ABOUT THIS EXERCISE:
Restate verbatim the span of lines below between the line with "口红替代色那么多，从热门开撸比较不踩雷" and the line with "Banana Republic Factory", including those two lines, and only that span.

MATERIAL FOR THIS TASK:
>>>>>

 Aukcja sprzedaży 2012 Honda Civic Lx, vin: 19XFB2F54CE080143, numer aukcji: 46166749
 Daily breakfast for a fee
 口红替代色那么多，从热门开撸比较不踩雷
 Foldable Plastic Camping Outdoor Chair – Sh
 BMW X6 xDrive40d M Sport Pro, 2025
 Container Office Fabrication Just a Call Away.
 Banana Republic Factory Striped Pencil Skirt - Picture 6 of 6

<<<<<
>>>>>

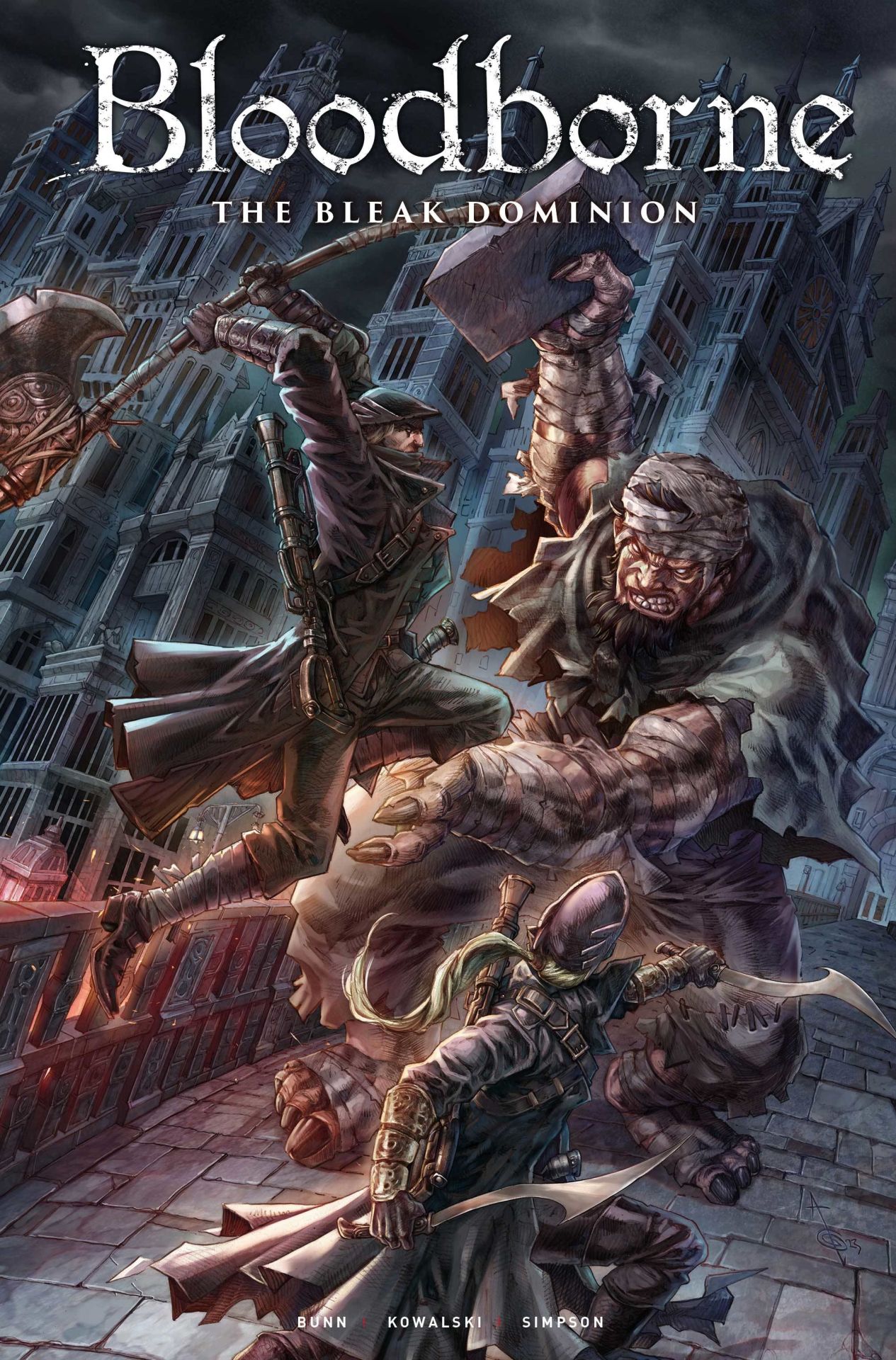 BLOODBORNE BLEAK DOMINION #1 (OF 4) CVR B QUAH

<<<<<

WRITTEN ANSWER:
 口红替代色那么多，从热门开撸比较不踩雷
 Foldable Plastic Camping Outdoor Chair – Sh
 BMW X6 xDrive40d M Sport Pro, 2025
 Container Office Fabrication Just a Call Away.
 Banana Republic Factory Striped Pencil Skirt - Picture 6 of 6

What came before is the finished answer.